Several near accidents led to a conversation about whether we should discontinue our collision insurance on carts, keeping the liability alone. Focused on paying only for what we need, I added a rotisserie emu to the shopping list.

Given the combined forces of traffic and sticker shock most people maintained pleasant moods.

Through it all, the Misses and I used the divide and conquer strategy. She would work her half of the list, I would work mine, then I’d spend 45 minutes in a desperate effort to find her.

More than once at the grocery I’ve wondered whether the day had come when she finally decided to leave me. In a panic on Sunday, I asked a guy at the service desk to read an announcement asking shoppers to look for a missing elderly woman in the aisles.

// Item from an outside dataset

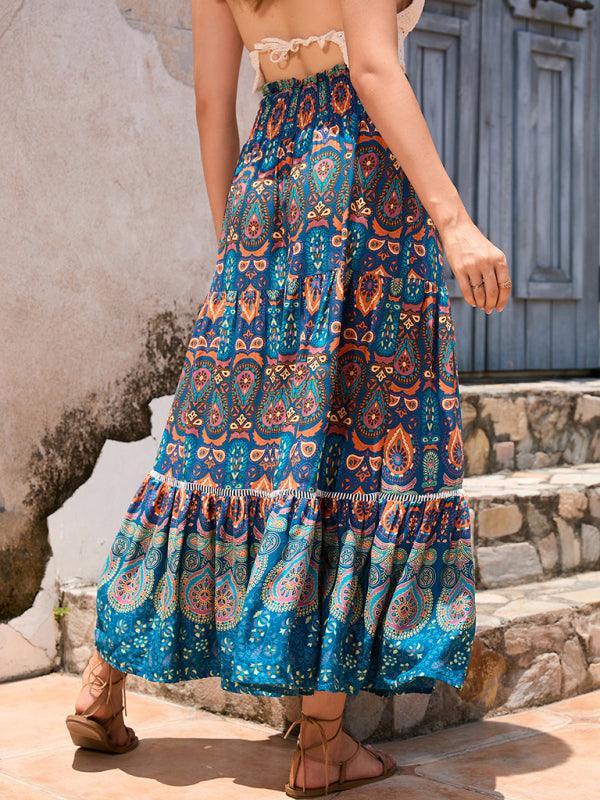 Women's Bohemian Hollow Printed Patchwork Skirt - 808Lush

The guy at the counter told me, “Old man, she’d leave you for sure if you did that.”

“Even if I have keys?”

I finally found her in frozen foods, and we went pulled up to the checkout aisle like a semi with two trailers.

Before checking out, I let one person through who had 15 items in her cart. She thanked me and I explained I always do that so I can be mean to everyone else I encounter during the day.

Checkout went smoothly when an unflappable Amanda scanned us through and, with Sean’s able help, packed us up and sent us to the door.

With the groceries tucked in the car, I turned to my wife and said “I’m glad we did that.”

She countered with the more precise: “I’m glad we’re done with that.”

Even without the doe eyes, I knew she was telling me the twuth, the whole twuth and nothing but the twuth. So help me God.